O terceiro a palestrar foi Getúlio Vargas Júnior, presidente da CONAM, que traduziu em números o cenário apresentado previamente por Benedito, com dados da campanha Despejo Zero – um dos vencedores do Prêmio FNA 2021 – no período de março de 2020 a outubro de 2021.

Vargas contou que as missões recentes da campanha em Manaus e Fortaleza examinaram cenários diferentes que refletem o mesmo interesse do capital nas comunidades, do privado sobre o coletivo. “Fazer a cidade e a propriedade cumprirem sua função social é o objetivo de ganhar a batalha para consolidar a cidade como uma construção coletiva para além do conceito da cidade-mercadoria”.

No período levantado pela campanha, mais de 123 mil famílias estiveram ameaçadas de remoção, das quais mais de 36 mil estavam em São Paulo. No Amazonas, onde cerca de 19 mil famílias estavam sob esse risco, Vargas disse que percebeu fortemente a ação da grilagem, muitas vezes com a conivência e participação do próprio poder público.
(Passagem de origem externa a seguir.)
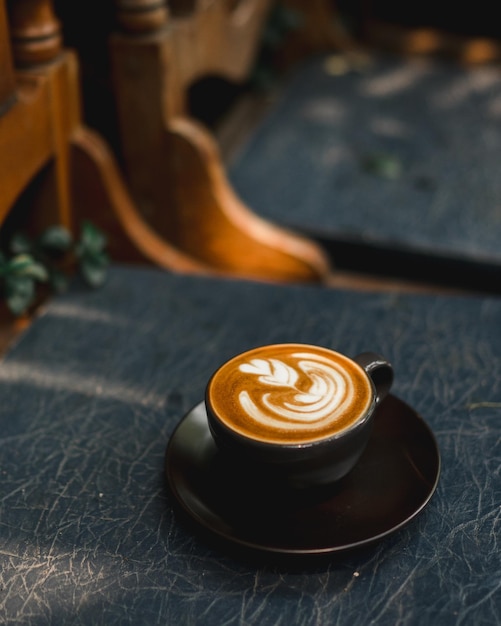 Taza de café en la mesa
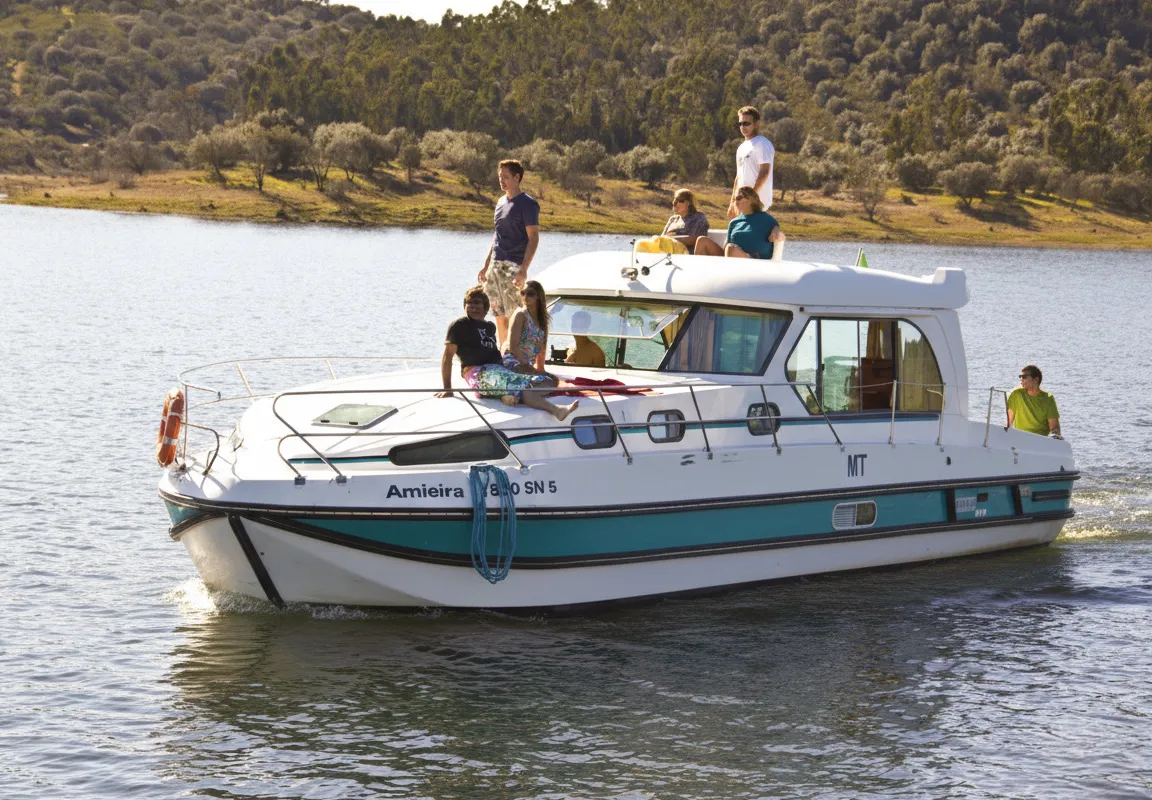 Cruiser Comfort XL 10/12 Pers., a Nicols Nicols Sedan 1310 motorboat at Portel, Portugal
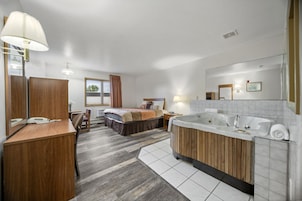 Suite, 1 cama de matrimonio grande | Escritorio, cortinas opacas, tabla de planchar con plancha y wifi gratis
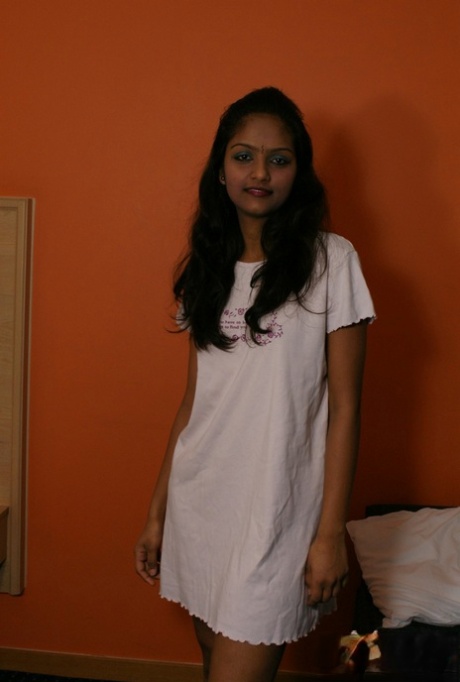 indian teen top image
Dessas ameaças, cumpriram-se cerca de 23,5 remoções em todo o país.

Por outro lado, Vargas também mostrou a força da mobilização dos diversos atores da campanha que, no Brasil inteiro, conseguiram evitar a remoção de 11.280 famílias. “Elas não estão na rua por ora. Comitês locais, conselhos de direitos humanos, advogados populares e a mobilização da população. A campanha Despejo Zero foi a catalizadora de diversas iniciativas”, lembrou.

Vargas também falou sobre a ADPF 828, ação cautelar que suspende por seis meses ações de despejo e remoção, e também a resolução 10, de 2018, e a resolução 17, que impede os despejos administrativos. Porém, também alertou para a saída de vigor da ADPF 828 em 3 de dezembro. Sobre isso, disse que o Conselho Nacional de Direitos Humanos (CNDH), do qual também faz parte, está se manifestando por uma prorrogação que impeça essas remoções. A lei do despejo zero também sairá de vigor em 31 de dezembro e Vargas teme que haja “uma enxurrada de despejos” caso não haja algum tipo de prorrogação ou articulação para tal.

Por fim, a arquiteta Socorro Leite, do Habitat Brasil, salientou que a realidade das remoções não é nova. “O que vemos na periferia são gerações e gerações de pessoas negras e indígenas que vivem nessa luta constante pelo direito à cidade”, expôs.

A crise deflagrada pela pandemia mostra uma realidade ainda mais cruel porque os programas habitacionais, que, segundo Socorro, já “eram muito dependentes do recurso federal” agora inexistem. E lembrou que “muitas vezes, em várias reintegrações de posse, o despejo acaba gerando imóveis vazios”. “O momento é de a gente resgatar o contraponto de tudo isso, relembrar dessa cidade que defendemos, que é uma cidade do bem comum e do espaço de solidariedade. Fundamentalmente, a organização popular é que promove a disputa pela cidade, da luta por direitos, e ela precisa ser fortalecida”, concluiu.